Les périlleuses besognes des cageux de bois !

Paul-Henri Hudon

HISTOIRE – Dignes d’une médaille olympique, hardis et courageux comme pour des performances athlétiques, les meneurs de cage en ont accompli des exploits. Des prouesses ignorées, qui valent bien celles des surfeurs hawaïens modernes, qui défient les eaux traîtresses. Il faut imaginer leur long et lent chemin depuis le lac Champlain jusqu’au port de Québec, au moment des hautes eaux, au défi des tempêtes de vent, bravant les accidents et les noyades.

Hélas, ils ont été oubliés dans notre histoire régionale. Leurs noms sont disparus. Ils n’ont pas de monuments. Aucun roman épique n’a raconté leurs tours de force. Aucune légende locale n’est restée. Ils ont cependant été nombreux, comme ceux du lieudit de Ste-Thérèse, les Brissette, les Beaudriau, les Decelles, les Harbec, les Papineau.

Bien avant la rivière Outaouais et la Saint-Maurice, la rivière Richelieu avait vu défiler des radeaux de bois sur les ondes. Dès le Régime français. Quel spectacle ce devait être de les voir affronter les rapides de Chambly, ramer à travers les remous, les écueils, les rochers, les tourbillons ! Relier des cages de 75 pieds de long pour former des trains de bois impressionnants. Dormir sous la “cahute” humide et branlante, se nourrir de lard et de patates. Dériver pendant des jours et des nuits sur le Saint-Laurent, malgré les vents contraires, les courants.

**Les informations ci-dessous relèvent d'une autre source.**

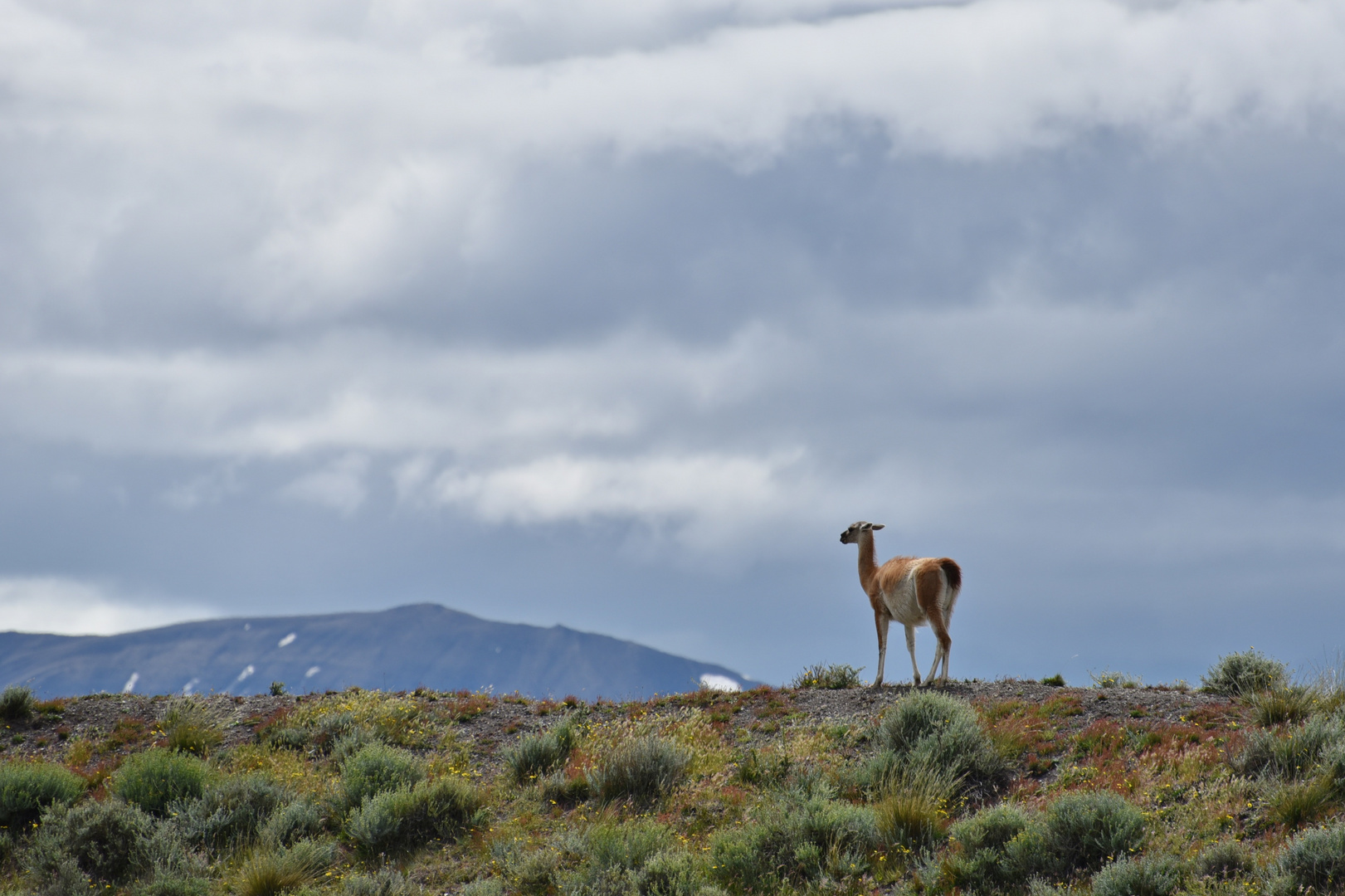 Guanaco 01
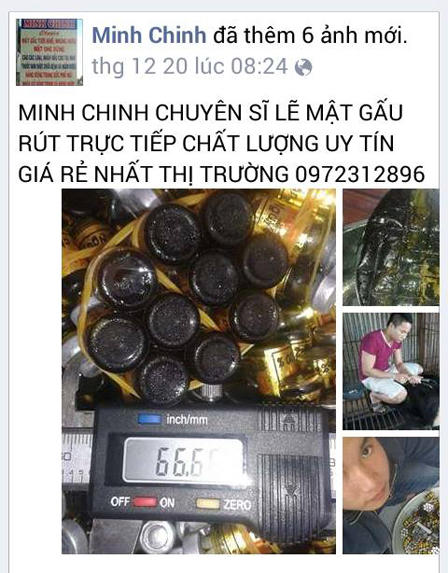 Lại xuất hiện thanh niên rao bán hổ, gấu trên facebook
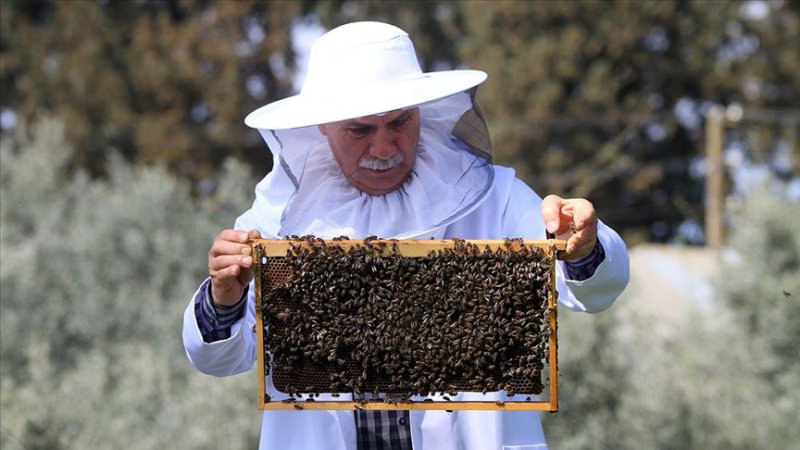 Manisa’da zehirlenen binlerce arı telef oldu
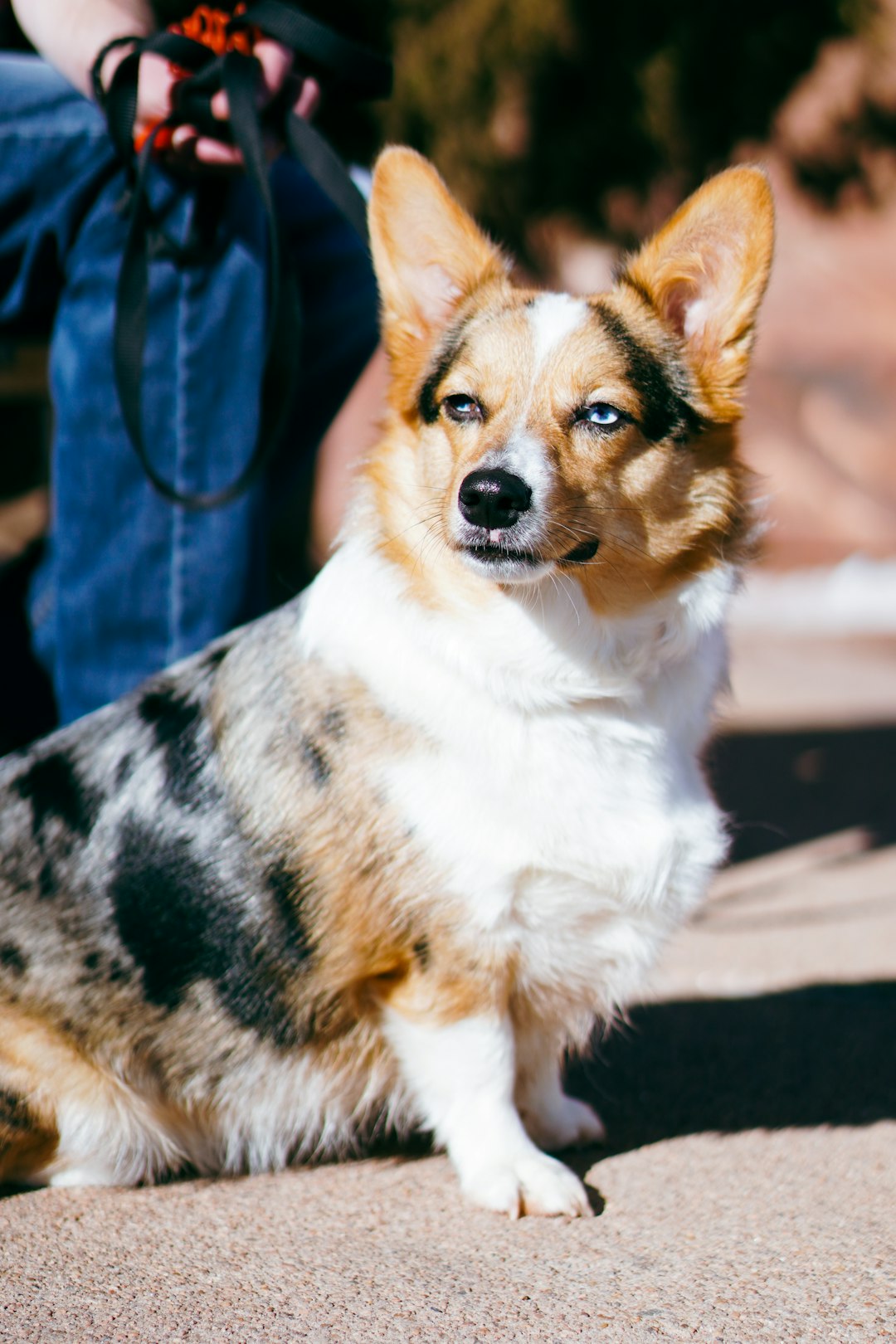 Bordetella Vaccine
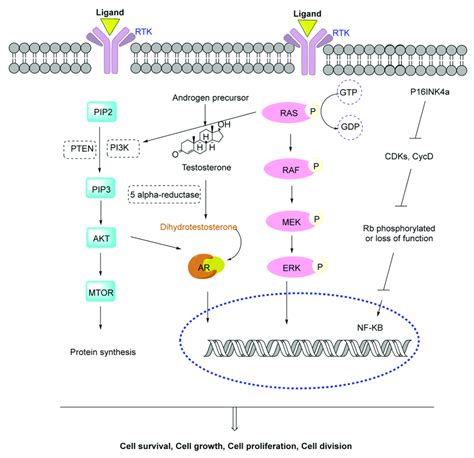 Schematic Of Some Of The Molecular Pathways Related To Prostate Cancer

Par exemple :  Le 23 mai 1811, François Papineau s’engage envers Robert Hoyle, marchand de bois résident dans l’état de New York, de livrer, rendu à Québec sur le terrain de Joliffe & Linthon, la quantité de douze cages de madriers, deux cages de plançons de chêne et seize cages d’espars et de plançons, lesquelles cages seront comptées sur le pied de soixante-cinq pieds de long, sur la largeur qu’ils (sic) sont actuellement faites.  Hoyle s’oblige de lui livrer ce bois, rendu au bassin, mis en trames bien et solidement faites, garni de bons câbles, d’ancres, de haussières, d’écoutes, de six voiles, d’une barque et de ses rames, ainsi que les provisions nécessaires pour nourrir le dit Papineau et les hommes nécessaires pour conduire ladite dramme à Québec, du jour de son départ jusqu’au vingt-quatre heures le jour après son arrivée à Québec… (notaire René Boileau, 23 mai 1811).

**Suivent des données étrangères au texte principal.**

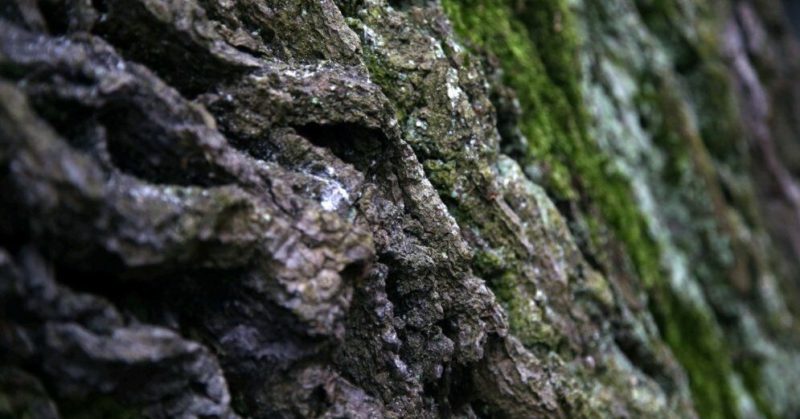 Общество: В США найдены следы древнейших деревьев. Им более 300 миллионов лет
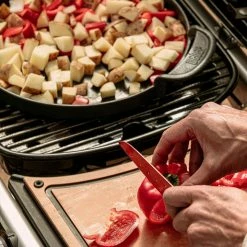 BBQs & Smokers Weber Traveler RV Gas Grill 21 BBQs & Smokers Weber Traveler RV Gas Grill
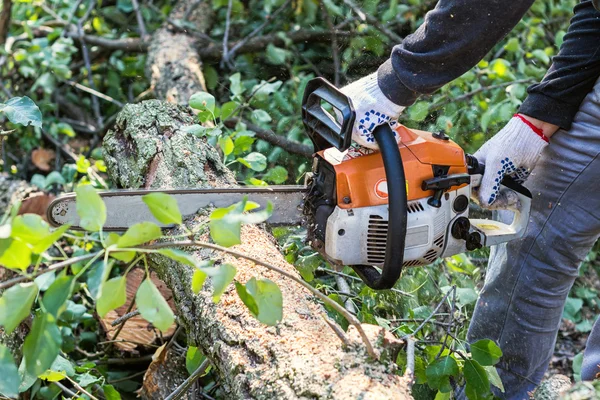 Mann mit Kettensäge sägt Baum um Stockbild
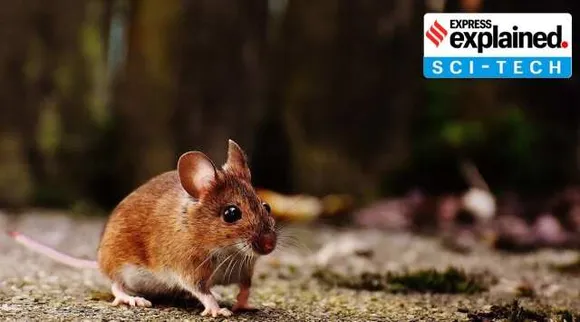scientists create mice with two biological fathers?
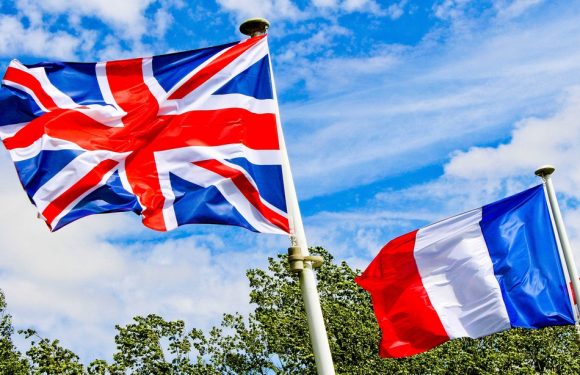 L&rsquo;imminence du Brexit a boosté les demandes de naturalisation des Britanniques en Occitanie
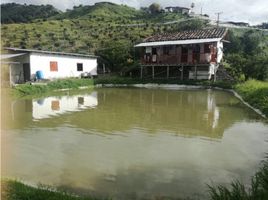 Estudio Villa en venta en Colombia, Aranzazu, Caldas, Colombia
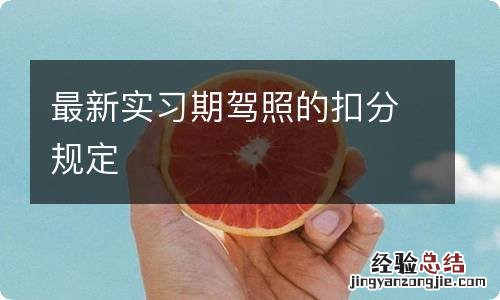 最新实习期驾照的扣分规定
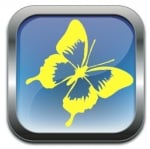 Social Butterfly Marketing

Non ! L’Outaouais n’a pas le monopole du flottage de bois. Jos Montferrand et Mac Pherson n’ont pas été les seuls. 

Illustrations: Archives de la Société d’histoire de la seigneurie de Chambly. Gravure attribuée à l’artiste anglais Adolphus Bourne (1795-1886), vers 1840.

Ces deux estampes passablement réalistes font voir des cageux de bois descendant les rapides de Chambly. Sur la rive, on découvre les moulins à farine du seigneur Hatt, avec leur amenée d’eau. On distingue son manoir (avec la cheminée fumante à l’arrière des moulins). À droite de l’esquisse, sur une pointe, le moulin à papier du patriote Louis Perrault, érigé sur l’emplacement de la défunte brasserie de Yule. Une cage de bois contenait 1000 pieds cubes de bois, vendus en bloc.